> [WORK TO BE COMPLETED]:
Range to repeat from the listing below: the line containing "Statement Of Consent" down to the line containing "Maria Aloysia Doms-Behets, Kampenhout", both included. Copy it exactly, pictures excluded, and add nothing else.

> [EXTRACTED INFORMATION]:
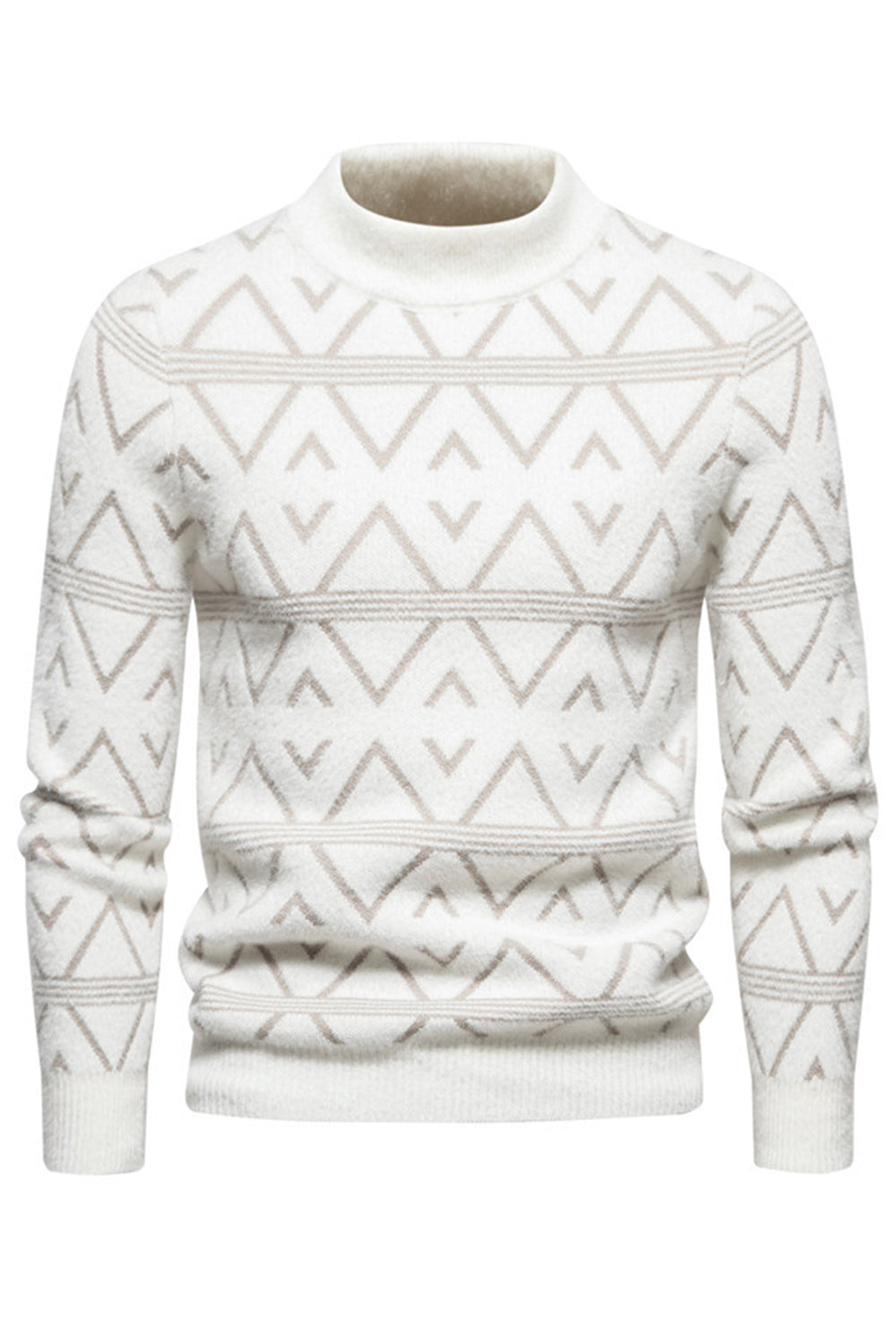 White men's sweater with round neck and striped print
--
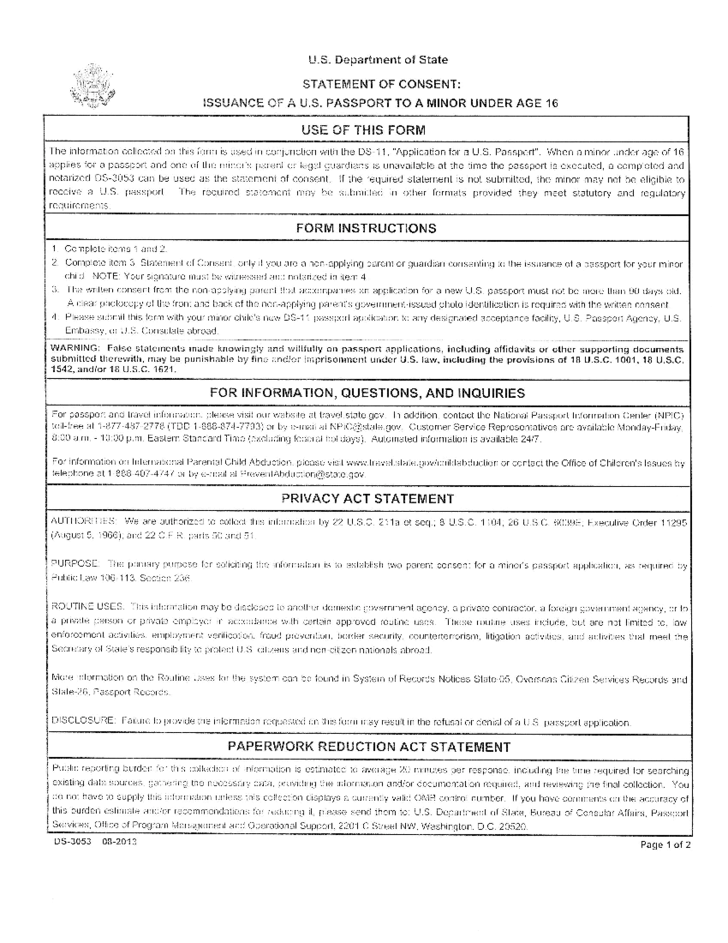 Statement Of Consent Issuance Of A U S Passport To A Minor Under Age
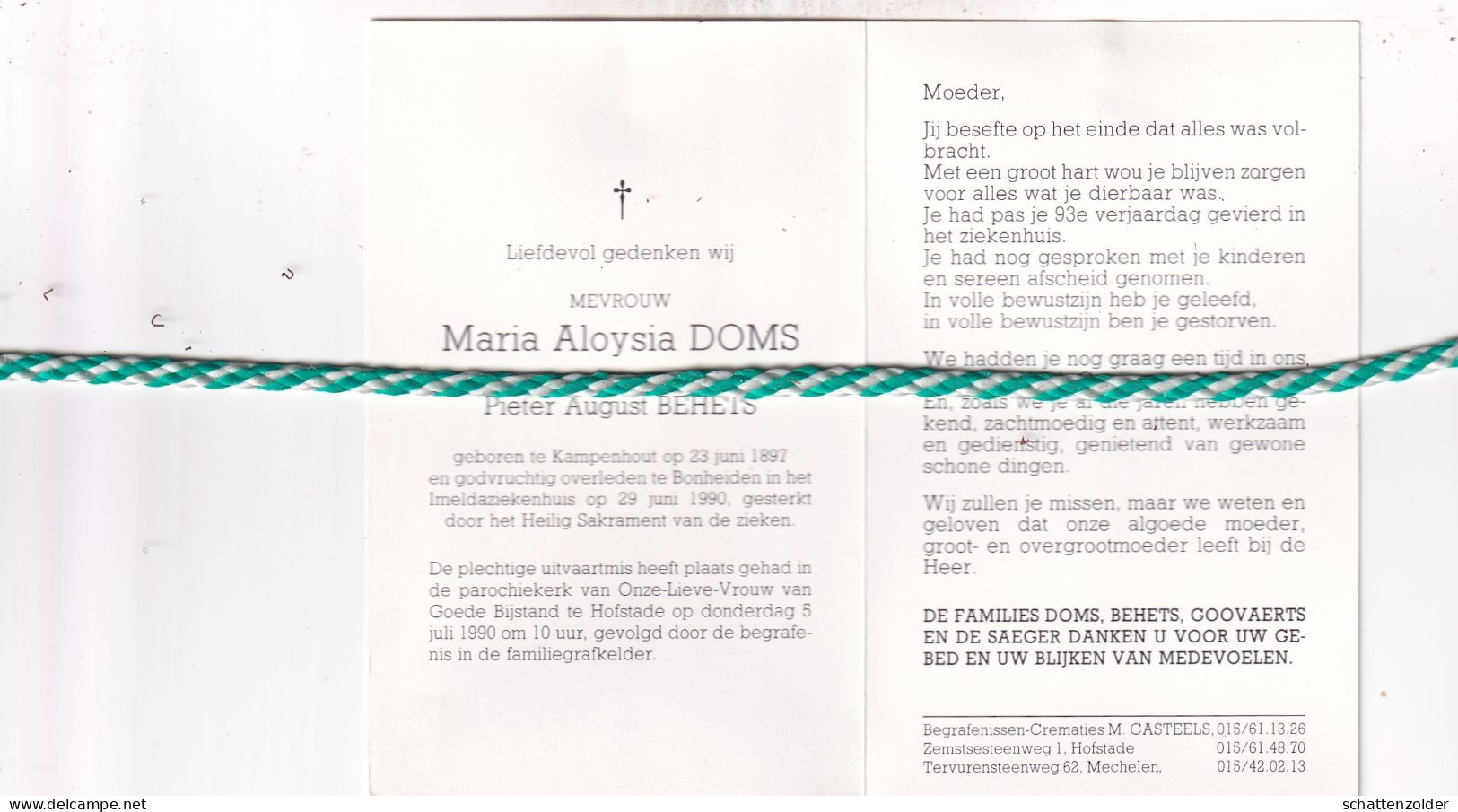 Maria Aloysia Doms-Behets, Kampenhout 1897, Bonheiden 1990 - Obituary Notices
---
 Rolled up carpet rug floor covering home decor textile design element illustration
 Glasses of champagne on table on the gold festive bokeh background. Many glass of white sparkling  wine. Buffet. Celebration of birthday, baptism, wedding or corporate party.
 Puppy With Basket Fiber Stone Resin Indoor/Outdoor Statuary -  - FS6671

> [COMPLETED TASK]:
 Statement Of Consent Issuance Of A U S Passport To A Minor Under Age
 Maria Aloysia Doms-Behets, Kampenhout 1897, Bonheiden 1990 - Obituary Notices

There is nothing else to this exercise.